Last and probably simplest to solve, is Alucards tie. I am pretty sure I am going to have to make an extension for it so the furry head but I know there are a lot of furries that use the bandannas around their necks, and I was wondering how they are attached? Do you put it on after the head, or is it sew into it. My tie is velcro so it is easy to just put it on after but I am just trying to get advice.


----------



## Calico-Feathers (Mar 20, 2012)

Glad to hear you liked FWA!  I was surprised how many people from MomoCon came over and had a good time.

The tattoo would definitely have to be simplified. There's absolutely no way anyone could fit it onto handpaws and even if they did the length of the fur would obscure the design farrrrr too much. You could still definitely do a seal of some kind, just very simplified.

The only problem with switching quickly between the cosplay and the fursuit is that in the fursuit you're going to more than likely sweat. A lot. So you'll more than likely want to shower after you suit, even if it's for a short stint. Aside from that it should be possible to do boot covers of some kind. I was actually going to experiment with them myself but I ended up not needing them. Personally I'd get your average boot covers for cheap halloween costumes and see if you can build them on there. That way you at least have a base and you're not trying to make the pattern and such with no reference point.
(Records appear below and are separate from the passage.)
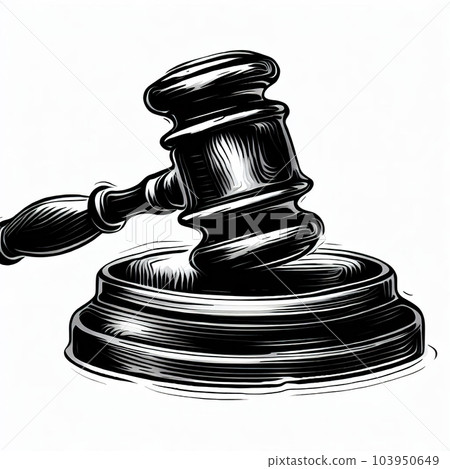 Judge gavel on table  103950649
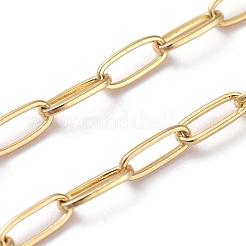3.28 pieds de chaînes de trombones en laiton soudé&nbsp;X-CHC-G005-06G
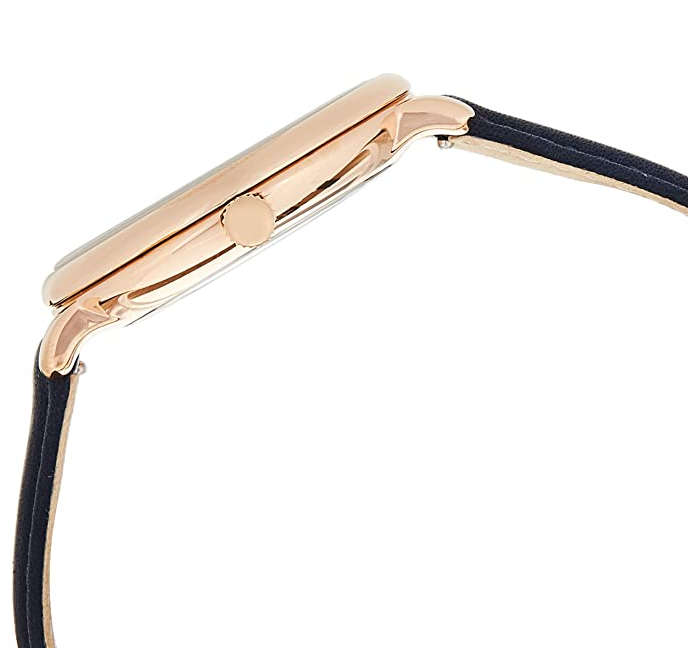 Fossil Women`s Jacqueline Quartz Stainless Steel and Leather Watch - Rose Gold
A lot of fursuiters use bandannas or ties. Fender is famous for his blue tie. XD For ties since you have to tie them specifically it's usually easiest to put them on first then tuck the neck flap into it once you put the head on. That's how I put on my bandannas so I don't have to worry about tying the fur into the knot. With velcro you can always ad a velcro patch to the neck where you want the tie to go.


----------



## lrdfang (Mar 20, 2012)

I know there were a lot of people that either didn't know FWA was down the street or didn't care to go, but I was personally telling everyone. I ended up getting a one-day badge and coming down the hill a couple of times on Saturday, and had fun every time. I actually was giving people tours of the open area and explaining what I knew of what FWA was about, from friends and walking around. A lot of people were amused by raid you guys did after the parade on Saturday too. I hope the two cons keep up the relationship that they had this year. I drive down from DC for the cons in ATL and if I can do two cons for one trip again, it makes it worth it that much more to go.
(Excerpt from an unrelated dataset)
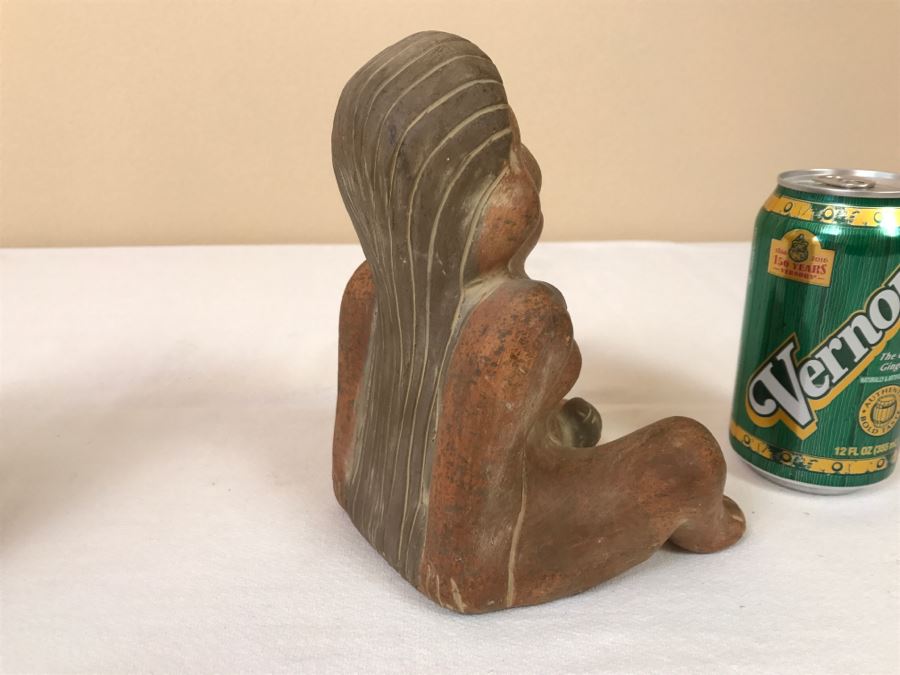 Pair Of Reproduction Mayan Clay Sculptures [Photo 20]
It sucks to hear I might not be able to do the tattoo, but thinking about it I am wondering if it will look good anyway. I will figure out something, for it.  I was thinking that I could always get gloves made for the paws but part of me says that is taking away too much from the suit.

Yeah I figured I would be sweating my ass off, and I am planing on only doing a partial suit because of that. I can relate to how bad it is for everyone in a full suit. With my costume like 2/3rds of my body is either covered in 2-4 layers of clothes or pants and leather. Add to that a long black wig that channels all the heat from my back up to my neck and head. >.< I am commissioning my suit because I have no idea what I am doing. LOL so I guess I will talk to who ever I end up with and see what they can do. I was hoping for the slip on style because I have knee length pirate boots for my costume, and want to use them for the furry. Though like with the tattoo the more I think about it the more I wonder how to make it work. I do like your suggestion on the boot covers though, but instead of having them made into the feet modifying them to cover part of them. As cheesy as it sounds get them to look almost like he is wearing boot covers to blend in with humanity.

How much extra does the neck flap add to neck width? If it is only an extra inch or two to the neck I should be able to use the velco all ready on the tie. When I was over at FWA, I didn't see that many suiters that had the neck flap tucked into clothes so I wasn't sure if that was a norm thing or not. 

I am starting to think I caught the yiff while hanging out at FWA, I honestly haven't looked forward to getting a costume this much since Alucard when I got it like 5 years ago. I don't know if it is more because everyone over there looked like they were having a blast or if it is because I want to see how many people I can get to double takes and go WTF.


----------